Ultime rencontre de l’année hier après-midi à l’amphithéâtre Bastille, dernière rencontre au cours de laquelle  le chorégraphe anglais Wayne McGregor a donné un aperçu de sa prochaine création L’anatomie de la Sensation en compagnie des danseurs Alice Renavand et Josua Hoffalt…

Comme le veut la tradition, avant chaque début de rencontre, Brigitte Lefèvre arrive et nous fait un petit briefing sur la répétition à venir. (Elle nous apprend au passage qu’elle s’est enthousiasmée pour la représentation de Rain de la matinée.) Après Genus en 2007, le chorégraphe anglais revient à l’Opéra pour créer un ballet L’Anatomie de la Sensation, ballet présenté à l’Opéra Bastille dès le 28 juin prochain et qui clôturera cette fin de saison. Pour cette nouvelle création, Wayne McGregor s’est inspiré des tableaux du peintre Francis Bacon et de son travail sur les corps. Les danseurs évolueront sur une musique de Mark Anthony Turnage, oeuvre dont le titre porte le nom d’un tableau de Francis Bacon.

Wayne McGregor

Les danseurs le surnommerait le « mutant » d’après Brigitte Lefèvre, il est vrai que le chorégraphe Britannique n’a rien de banal et nous entraîne dans sa sphère, dans son univers à lui. Pas de chef de chant pour cette répétition, Wayne Mcgregor utilise son propre outil de travail: son Ipod. Wayne McGregor, très à l’aise, met le public dans l’ambiance.À peine arrivé et installé, à peine les danseurs présentés, il commence son travail, ou plutôt il commence la création du pas de deux qu’interpréteront Alice Renavand et Josua Hoffalt. Le chorégraphe va très vite, et impose son style. Il enchaîne les mouvements avec une fluidité et une facilité hors pair.
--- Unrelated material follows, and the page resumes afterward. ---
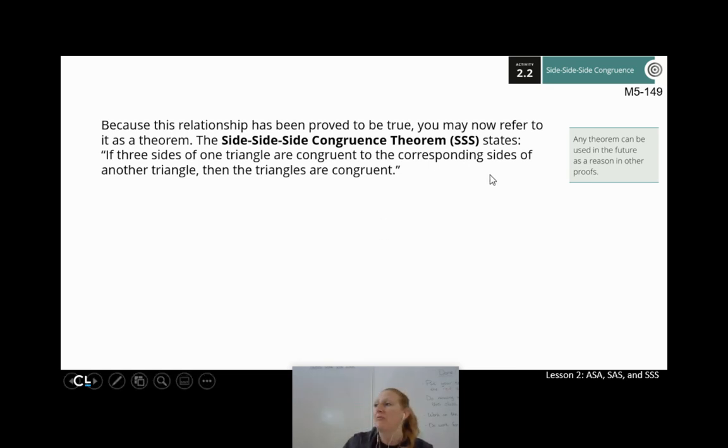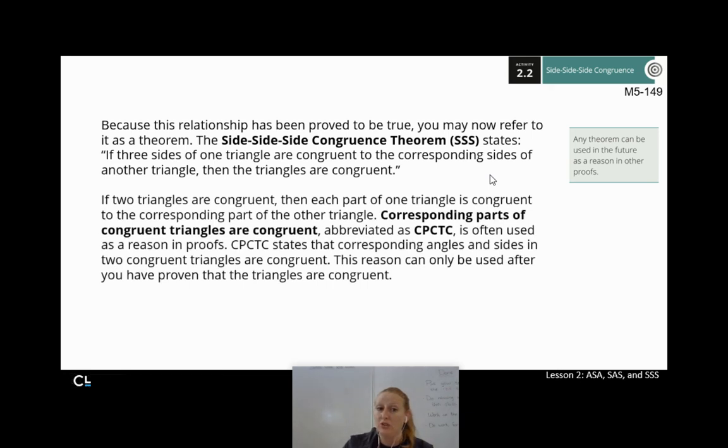You can take this a step further. If you decide your two triangles are congruent — SSS is one way of doing that — then each part of one triangle is congruent to the corresponding parts of the other triangle. We call this corresponding parts of congruent triangles are congruent, abbreviated CPCTC. CPCTC states that corresponding angles and sides of two congruent triangles are congruent. So we start by proving triangles are congruent, and then we can say all the other corresponding parts must be congruent too.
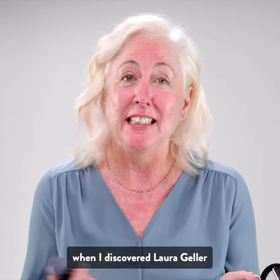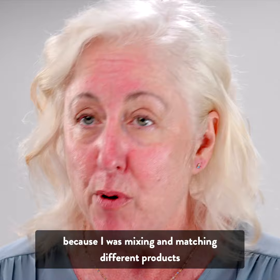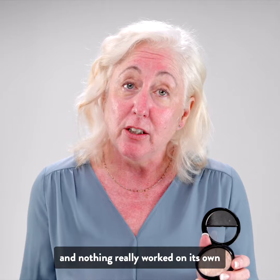Let me tell you what happened when I discovered Laura Geller. I basically took all of my foundation — that's about 16 bottles — and I threw it out, because I was mixing and matching different products and different colors just to cover my rosacea, and nothing really worked on its own. When I found Laura Geller, I threw it all out.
Quand il les montre, ces derniers semblent plus qu’évidents. Il esquisse quelques gestes, montrant ce qu’il désire voir. Les danseurs s’éxecutent, et le suivent tant bien que mal, montrant la difficulté d’intégrer cette façon, loin d’être familière pour eux, de se mouvoir. Le chorégraphe semble beaucoup apprécié Alice Renavand, qui le sourire aux lèvres, ne s’en sort pas si mal! Josua Hoffalt semble un peu plus dépassé par la gestuelle et les prouesses du chorégraphe, mais il intègre au fur-et-à mesure les pas. « Mets ta main là, ta jambe ici » (en anglais bien entendu) et hop! Alice Renavand se retrouve en écart.  Le chorégraphe fait travailler à chaque danseur un solo. Il commence avec Alice Renavand, puis la laisse reprendre les mouvements seule, pendant qu’il travaille avec Josua Hoffalt. Le chorégraphe pousse les danseurs au bout de leurs limites. À la fin de son solo, la danseuse se retrouve le genou posé sur le dos de son partenaire, et doit prendre appui pour passer au-dessus de ce dernier. Le chorégraphe leur apprend les derniers pas du pas de deux. Cela peut sembler décousu, presque sans aucune cohérences, mais pour terminer les deux danseurs reprennent le pas de deux depuis le début, avec une autre musique, et là tout devient plus cohérent. C’est esthétique. On aurait envie de voir la suite.
Alice Renavand et Josua Hoffalt

Une rencontre très intéressante, puisqu’elle nous fait entrer au coeur de cette création. C’est très impressionnant de voir avec quelle facilité et à quelle vitesse ce pas de deux est créé et comment les danseurs l’assimilent, mais aussi comment le chorégraphe fait travailler les danseurs. Ce chorégraphe risque à nouveau de surprendre en juin prochain. Deux distributions seront à l’affiche pour cette Anatomie de la Sensation.